La commission d’enquête #EauxEnBouteille (@BurgoaLaurent / @Aouizille) a réagi au refus d’Alexis Kohler de témoigner face aux sénateurs. pic.twitter.com/iR5AD6EoAK
— Sénat (@Senat) April 8, 2025
Le sénateur PS précise qu’il compte « proposer une modification de l’ordonnance de 1958 (qui précise le fonctionnement des commissions d’enquête du parlement, NDLR) pour que des témoins ne puissent plus échapper à une convocation », comme l’a fait Alexis Kohler.
« En France, plus on s’approche du sommet du pouvoir et moins les règles communes s’appliquent »

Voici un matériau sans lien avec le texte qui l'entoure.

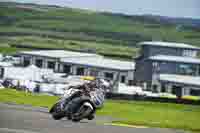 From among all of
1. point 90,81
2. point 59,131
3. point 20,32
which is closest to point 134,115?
point 90,81

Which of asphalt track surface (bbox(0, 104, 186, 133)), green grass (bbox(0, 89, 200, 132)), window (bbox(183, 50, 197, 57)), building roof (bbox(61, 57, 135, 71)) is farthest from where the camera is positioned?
window (bbox(183, 50, 197, 57))

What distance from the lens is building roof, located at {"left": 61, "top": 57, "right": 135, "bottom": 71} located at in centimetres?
808

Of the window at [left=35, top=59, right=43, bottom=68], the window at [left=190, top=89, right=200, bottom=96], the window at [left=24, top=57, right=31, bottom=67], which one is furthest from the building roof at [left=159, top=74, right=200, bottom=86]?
the window at [left=24, top=57, right=31, bottom=67]

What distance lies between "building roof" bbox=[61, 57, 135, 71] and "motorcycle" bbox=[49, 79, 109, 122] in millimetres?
707

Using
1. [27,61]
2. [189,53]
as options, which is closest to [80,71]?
[27,61]

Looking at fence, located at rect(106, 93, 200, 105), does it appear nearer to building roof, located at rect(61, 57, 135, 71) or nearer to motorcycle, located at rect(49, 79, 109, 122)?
building roof, located at rect(61, 57, 135, 71)

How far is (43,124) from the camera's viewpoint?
688cm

Un sénateur de gauche témoigne pour Off Investigation
Selon ce texte, toute personne dont une commission d’enquête a jugé l’audition utile est tenue de déférer à la convocation qui lui est délivrée. La personne qui ne comparaît pas ou refuse de déposer ou de prêter serment est passible de deux ans d’emprisonnement et de 7 500 euros d’amende. Mais que se passe-t-il quand un témoin refuse de se présenter? « On ne verra pas Alexis Kohler avec des menottes. En France, plus on s’approche du sommet du pouvoir et moins les règles communes s’appliquent », soupire un autre sénateur de gauche en off, pointant un « réel problème démocratique ».
En attendant, Alexis Kohler reste sous le coup d’une mise en examen dans l’affaire MSC (lire notre série, Alexis Kohler (très) secret) et devra, peut-être, enfin, s’expliquer sur son refus de témoigner devant l’Assemblée nationale si le parquet de Paris ouvre une enquête à ce sujet.